Margem Desolada

Na margem do rio, um homem.
Nas margens do rio, vida humana.
O silêncio dos que governam quer silenciar o homem.
O silêncio dos que governam pode silenciar a vida.
Logo será abril.
A fome do homem, santo, não durará até abril.
Calará o homem e sua luta?
Se calar, abril será, novamente, o mais cruel dos meses,
E a vida morta às margens do rio misturará memória
Desencontro, vazios e ausências de sentido.
Será possível tecer outra história
Para abril?
Outro destino para o homem da margem do rio?
O rio tem nome de santo.
Um santo que chamava o rio de irmão
Assiste um santo que faz do rio seu irmão
Morrendo no leito de morte do rio.
A terra do leito de morte do rio
Acolherará o corpo do santo,
Por conta do silêncio dos que governam?
Ou será permitido, ao homem e ao rio, voz?

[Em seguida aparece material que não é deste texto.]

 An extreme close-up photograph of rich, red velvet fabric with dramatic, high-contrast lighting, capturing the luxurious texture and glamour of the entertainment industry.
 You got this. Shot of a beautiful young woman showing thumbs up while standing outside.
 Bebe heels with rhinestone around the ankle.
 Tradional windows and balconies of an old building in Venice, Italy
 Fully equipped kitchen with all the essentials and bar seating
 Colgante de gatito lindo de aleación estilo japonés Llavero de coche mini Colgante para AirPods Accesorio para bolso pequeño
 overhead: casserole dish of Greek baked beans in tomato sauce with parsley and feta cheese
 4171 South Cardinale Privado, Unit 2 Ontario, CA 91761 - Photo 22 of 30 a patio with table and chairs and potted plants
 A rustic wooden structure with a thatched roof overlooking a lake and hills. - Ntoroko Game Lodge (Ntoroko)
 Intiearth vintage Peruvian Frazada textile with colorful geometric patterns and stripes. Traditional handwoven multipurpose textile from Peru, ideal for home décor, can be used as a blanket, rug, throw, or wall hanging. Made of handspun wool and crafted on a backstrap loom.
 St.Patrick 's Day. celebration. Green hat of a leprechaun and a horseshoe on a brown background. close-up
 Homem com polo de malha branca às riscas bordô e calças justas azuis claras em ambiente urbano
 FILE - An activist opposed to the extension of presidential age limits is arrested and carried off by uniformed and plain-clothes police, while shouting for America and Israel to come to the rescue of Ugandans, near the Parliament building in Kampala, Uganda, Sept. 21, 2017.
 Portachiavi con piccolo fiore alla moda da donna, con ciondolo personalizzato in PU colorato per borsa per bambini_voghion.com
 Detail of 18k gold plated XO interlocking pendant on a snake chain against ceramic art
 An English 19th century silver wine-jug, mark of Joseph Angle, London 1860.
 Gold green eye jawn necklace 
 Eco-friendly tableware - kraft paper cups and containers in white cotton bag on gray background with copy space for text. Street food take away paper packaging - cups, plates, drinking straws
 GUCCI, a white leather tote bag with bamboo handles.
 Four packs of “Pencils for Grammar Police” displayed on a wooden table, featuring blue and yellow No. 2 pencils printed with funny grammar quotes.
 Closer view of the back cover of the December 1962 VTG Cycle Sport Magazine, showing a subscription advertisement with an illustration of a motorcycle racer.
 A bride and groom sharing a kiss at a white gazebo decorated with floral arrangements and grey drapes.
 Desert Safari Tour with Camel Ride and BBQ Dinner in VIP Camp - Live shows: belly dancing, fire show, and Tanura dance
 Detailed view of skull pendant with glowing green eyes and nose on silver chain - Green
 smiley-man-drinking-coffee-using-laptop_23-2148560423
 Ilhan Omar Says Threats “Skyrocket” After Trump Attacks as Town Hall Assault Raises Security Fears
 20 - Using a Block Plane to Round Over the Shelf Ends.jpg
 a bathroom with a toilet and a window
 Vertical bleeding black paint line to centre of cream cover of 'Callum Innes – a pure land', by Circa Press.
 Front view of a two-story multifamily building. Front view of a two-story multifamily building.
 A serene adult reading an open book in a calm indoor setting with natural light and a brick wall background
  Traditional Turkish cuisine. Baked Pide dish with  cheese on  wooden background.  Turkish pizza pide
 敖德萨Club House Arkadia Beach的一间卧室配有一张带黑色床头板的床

Discutem acerca da fé do homem,
E esperam que o lodo do rio leve-o para longe
Para o tempo em que as águas transpostas
Façam esquecer a santidade do homem.
Logo serão as águas.
Afogarão elas a luta do povo, que dá sentido as veredas do sertão?
O sertão feito mar esquecerá, por fim, o seu santo?
Se esquecer, as águas serão, novamente, a mais cruel das escolhas.
Mais uma vez é o, antes de tudo, forte, que encontrará a morte?
O chão duro e vermelho da margem do Velho Chico
Alimentar-se-á do corpo do santo,
Seu último e doce aliado?
Será possível escolher outra história
Para o rio?
O rio santo e o homem santo serão ouvidos?
Os ribeirinhos, guardiãs de ambos, assim esperam.
Porque não conversar?
É possível ouvir o homem-rio?
E salvar da morte, a santidade de ambos?